◆ Brief:
Should an entry contain an image, leave the image out and repeat the entry's text exactly.

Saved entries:
==================================================
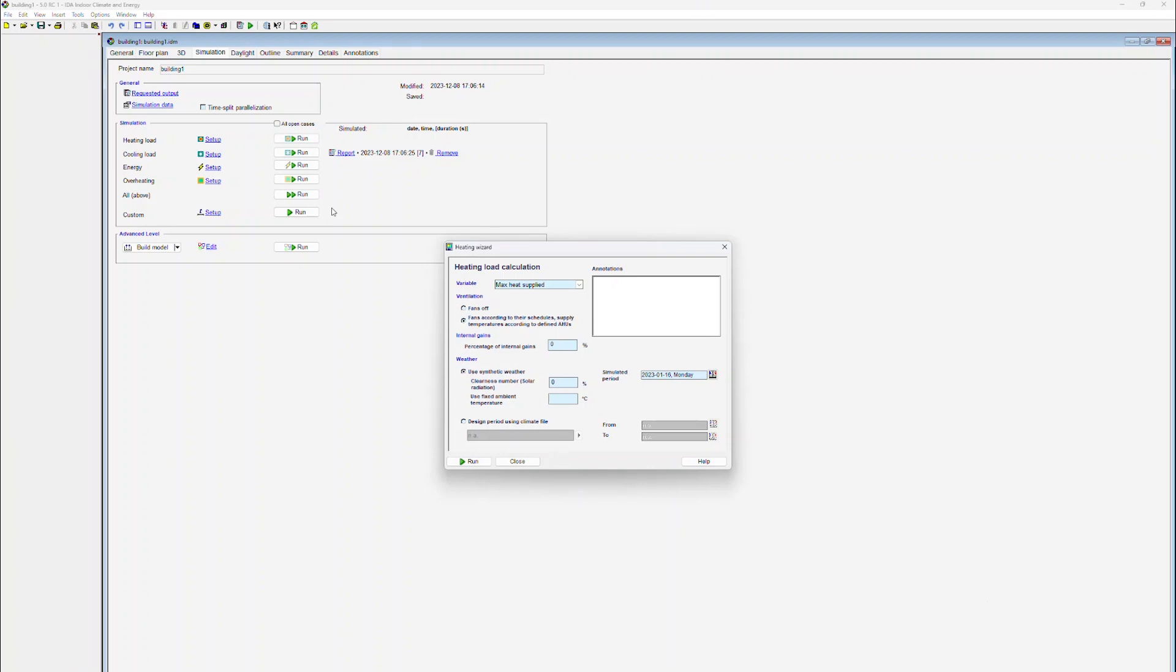For every heating load calculation, the user has to specify several simulation parameters. First, the user has to specify whether the fans are running according to the schedule or are turned off. Second, the user specifies which proportion of internal heat gains should be considered during the calculation. As a default, the internal heat gains are completely omitted.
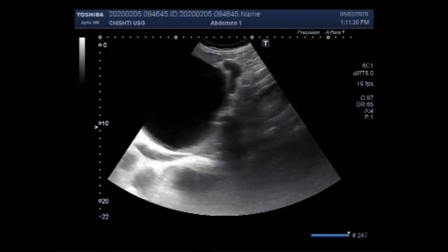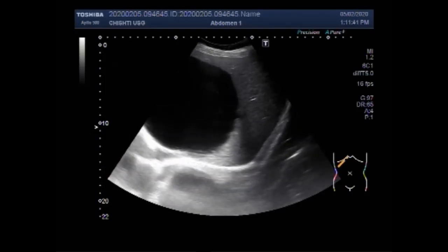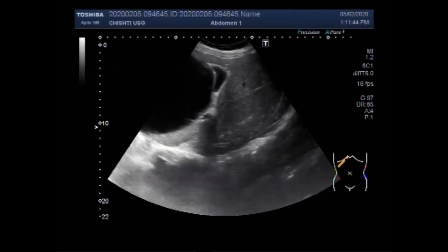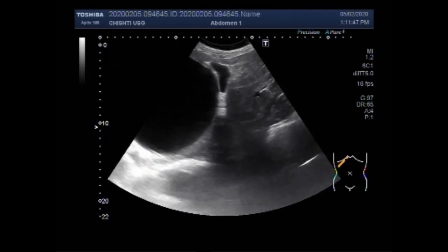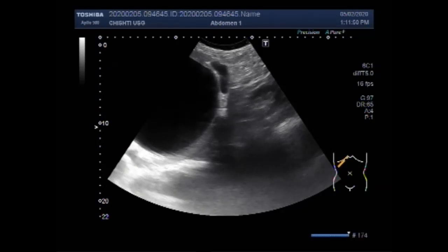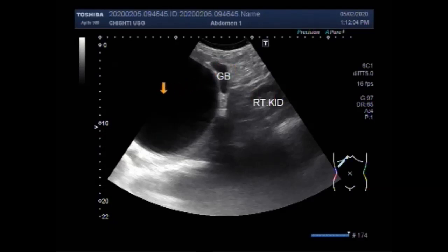This ultrasound video shows two cases: one of hepatic cysts and the other of a hepatic mass. You can see a large hepatic cyst. In general, hepatic cysts are thin-walled structures that contain fluid. Most cysts are single, but sometimes there may be several. Symptoms associated with liver cysts include upper abdominal fullness, discomfort, or pain.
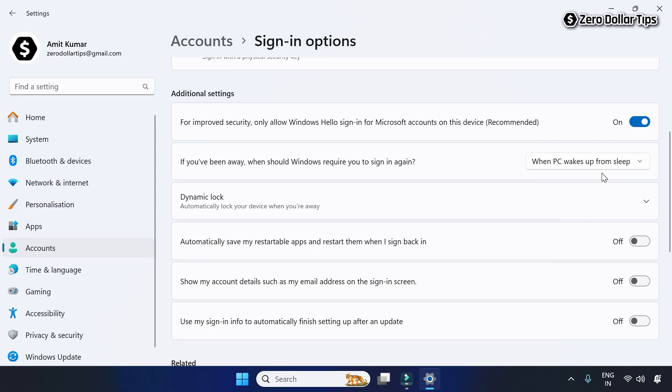Once you select this option, your Windows 11 PC will always ask for the lock screen password upon waking up from sleep. That's it! This is how you can easily change the screen lock time on Windows 11 and control exactly when your screen locks. If you like this video, please subscribe to the channel.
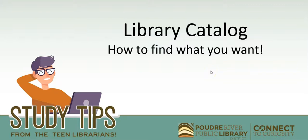Hello! I'm Nicole and welcome to another study tip from your teen librarians.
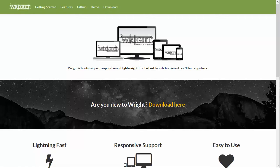Now let's look at some of the characteristics of the Write Framework. First of all, you can see that it is bootstrapped, which means that it is built with Bootstrap — a very common framework that is also used by the Joomla Core. Of course it is responsive, which is mandatory these days, and it is very lightweight.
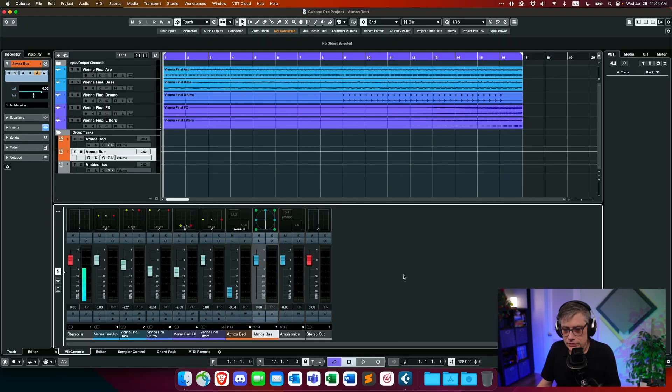Before we do anything, let's have a brief listen to how that project sounds. This is just a loop that's part of a production I'm doing. I'll make the same disclaimer as last week: this is actually a stereo production that I just converted into Atmos for this example, so it's not really working particularly well in Dolby Atmos. But for what we're doing here, it's perfectly fine.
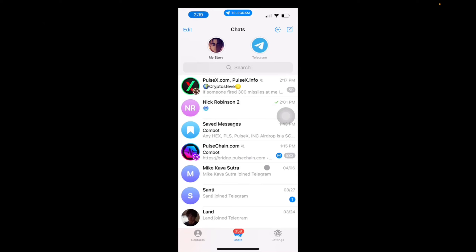Welcome back to 8482 Media. Today I'm going to quickly show you guys how to delete a story on Telegram.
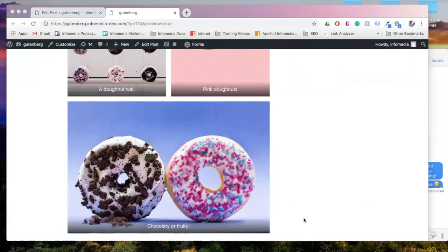So there you have it. Those are just a few ways that you can use images and photos in Gutenberg. I definitely encourage you to log in, click around, play around with this, and find which options work best for you. Thanks.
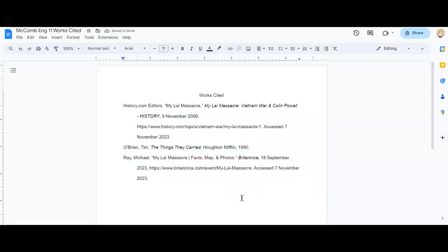All right. So I have a perfectly formatted works cited page in alphabetical order that will give me all of the points on the rubric. Yay for me. Good luck, everyone. Bye.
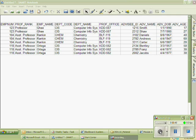Functional dependencies do not necessarily work in reverse order. For instance, if I know a hire date, I do not necessarily know which employee I am referring to, since more than one employee could be hired on the same date. So the employee ID would determine the hire date. The employee ID is the determinant and the hire date is functionally dependent on the employee ID.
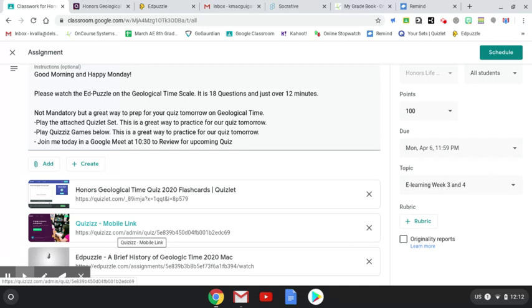Like when did dinosaurs come on the scene? When did mammals come on the scene? When did humans come on the scene? When were there amphibians? When were there reptiles? So big picture ideas are important.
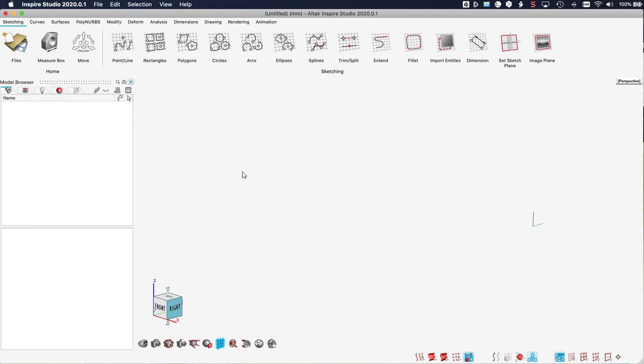And here we are in Altair Inspire Studio 2020. I am on a Mac so it might look different on your machine. Let's do a little bit of interface tour.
==================================================
◆ Answer space:
For every heating load calculation, the user has to specify several simulation parameters. First, the user has to specify whether the fans are running according to the schedule or are turned off. Second, the user specifies which proportion of internal heat gains should be considered during the calculation. As a default, the internal heat gains are completely omitted.
This ultrasound video shows two cases: one of hepatic cysts and the other of a hepatic mass. You can see a large hepatic cyst. In general, hepatic cysts are thin-walled structures that contain fluid. Most cysts are single, but sometimes there may be several. Symptoms associated with liver cysts include upper abdominal fullness, discomfort, or pain.
Once you select this option, your Windows 11 PC will always ask for the lock screen password upon waking up from sleep. That's it! This is how you can easily change the screen lock time on Windows 11 and control exactly when your screen locks. If you like this video, please subscribe to the channel.
Hello! I'm Nicole and welcome to another study tip from your teen librarians.
Now let's look at some of the characteristics of the Write Framework. First of all, you can see that it is bootstrapped, which means that it is built with Bootstrap — a very common framework that is also used by the Joomla Core. Of course it is responsive, which is mandatory these days, and it is very lightweight.
Before we do anything, let's have a brief listen to how that project sounds. This is just a loop that's part of a production I'm doing. I'll make the same disclaimer as last week: this is actually a stereo production that I just converted into Atmos for this example, so it's not really working particularly well in Dolby Atmos. But for what we're doing here, it's perfectly fine.
Welcome back to 8482 Media. Today I'm going to quickly show you guys how to delete a story on Telegram.
So there you have it. Those are just a few ways that you can use images and photos in Gutenberg. I definitely encourage you to log in, click around, play around with this, and find which options work best for you. Thanks.
All right. So I have a perfectly formatted works cited page in alphabetical order that will give me all of the points on the rubric. Yay for me. Good luck, everyone. Bye.
Functional dependencies do not necessarily work in reverse order. For instance, if I know a hire date, I do not necessarily know which employee I am referring to, since more than one employee could be hired on the same date. So the employee ID would determine the hire date. The employee ID is the determinant and the hire date is functionally dependent on the employee ID.
Like when did dinosaurs come on the scene? When did mammals come on the scene? When did humans come on the scene? When were there amphibians? When were there reptiles? So big picture ideas are important.
And here we are in Altair Inspire Studio 2020. I am on a Mac so it might look different on your machine. Let's do a little bit of interface tour.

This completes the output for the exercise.